ROME — St. Vincent de Paul’s zeal for helping the poor was the instrument God used to bring about a “burst of generosity in the church,” Pope Francis said.

The “small seed” of his humility, meekness and charity grew into a great tree that makes up the two congregations he founded — the Daughters of Charity and the Congregation of the Mission, the pope said in a letter sent Sept. 27 to members of the “Vincentian family” celebrating the 400th anniversary of their founding.

“At the heart of the Vincentian family is searching out the most miserable and abandoned in a radical awareness that it is unworthy to deprive them of our humble service,” the pope said.

Along with St. Louise de Marillac, St. Vincent de Paul founded the Daughters of Charity in France in 1617. The congregation’s work with the poor in France paved the way for the founding of its male counterpart, the Congregation of the Mission.

Francis praised St. Vincent’s prophetic intuition “of valuing the extraordinary feminine abilities that emerged in St. Louise de Marillac’s spiritual finesse and human sensibility.”

Members of both orders, he said, must continue to find their footing upon the rock, which is the “poor Jesus who asks to be recognized in those who are poor and without a voice.

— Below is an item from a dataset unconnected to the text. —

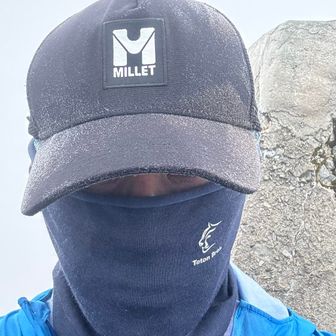 メットも被っていたのに帽子も砂まみれ

今更ながら顔を保護

持って来ていて良かった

“Thus, you are called to reach the peripheries of the human condition, to bring not your abilities but the spirit of the Lord, the father of the poor,” the pope said. “He sends you out into the world like a seed growing in dry land, like soothing balm for the wounded, like a fire of charity to warm so many hearts.”

All Christians, Francis said, are called to follow the example set by St. Vincent de Paul and to give more time and space to the poor because “Christianity without contact with those who suffer becomes a disembodied Christianity incapable of touching the flesh of Christ.

“Encounter the poor, favor the poor, give a voice to the poor so that their presence may not be silenced by the culture of the ephemeral,” the pope said.